Data for this exercise below:
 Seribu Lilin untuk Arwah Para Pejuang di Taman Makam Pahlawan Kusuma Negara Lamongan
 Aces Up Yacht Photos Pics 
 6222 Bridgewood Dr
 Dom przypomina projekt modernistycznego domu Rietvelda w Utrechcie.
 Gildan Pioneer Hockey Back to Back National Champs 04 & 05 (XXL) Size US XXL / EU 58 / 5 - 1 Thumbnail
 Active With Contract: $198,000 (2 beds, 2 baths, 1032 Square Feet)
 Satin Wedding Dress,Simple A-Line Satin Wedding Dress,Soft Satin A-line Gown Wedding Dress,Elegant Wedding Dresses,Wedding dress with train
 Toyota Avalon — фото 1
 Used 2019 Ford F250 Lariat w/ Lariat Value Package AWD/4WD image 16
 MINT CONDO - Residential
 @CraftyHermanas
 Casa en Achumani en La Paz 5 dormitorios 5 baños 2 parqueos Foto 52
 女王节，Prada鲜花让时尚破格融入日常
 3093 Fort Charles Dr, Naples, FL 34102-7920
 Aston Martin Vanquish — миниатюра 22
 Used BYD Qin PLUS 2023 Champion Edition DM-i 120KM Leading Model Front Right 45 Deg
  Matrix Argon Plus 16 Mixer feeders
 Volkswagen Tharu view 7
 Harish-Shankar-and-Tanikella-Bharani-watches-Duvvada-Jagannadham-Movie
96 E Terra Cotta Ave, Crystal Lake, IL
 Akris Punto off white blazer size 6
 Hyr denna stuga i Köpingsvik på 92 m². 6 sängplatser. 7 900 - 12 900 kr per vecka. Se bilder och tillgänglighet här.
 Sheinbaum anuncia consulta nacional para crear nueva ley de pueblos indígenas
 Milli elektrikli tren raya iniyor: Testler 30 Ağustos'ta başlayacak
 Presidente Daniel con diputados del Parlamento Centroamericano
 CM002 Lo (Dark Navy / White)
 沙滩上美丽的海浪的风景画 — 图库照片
End of Data for this exercise.
Retype, without changes, the lines from the line holding "Volkswagen Tharu view 7" to the end of the data, both ends included.

 Volkswagen Tharu view 7
 Harish-Shankar-and-Tanikella-Bharani-watches-Duvvada-Jagannadham-Movie
96 E Terra Cotta Ave, Crystal Lake, IL
 Akris Punto off white blazer size 6
 Hyr denna stuga i Köpingsvik på 92 m². 6 sängplatser. 7 900 - 12 900 kr per vecka. Se bilder och tillgänglighet här.
 Sheinbaum anuncia consulta nacional para crear nueva ley de pueblos indígenas
 Milli elektrikli tren raya iniyor: Testler 30 Ağustos'ta başlayacak
 Presidente Daniel con diputados del Parlamento Centroamericano
 CM002 Lo (Dark Navy / White)
 沙滩上美丽的海浪的风景画 — 图库照片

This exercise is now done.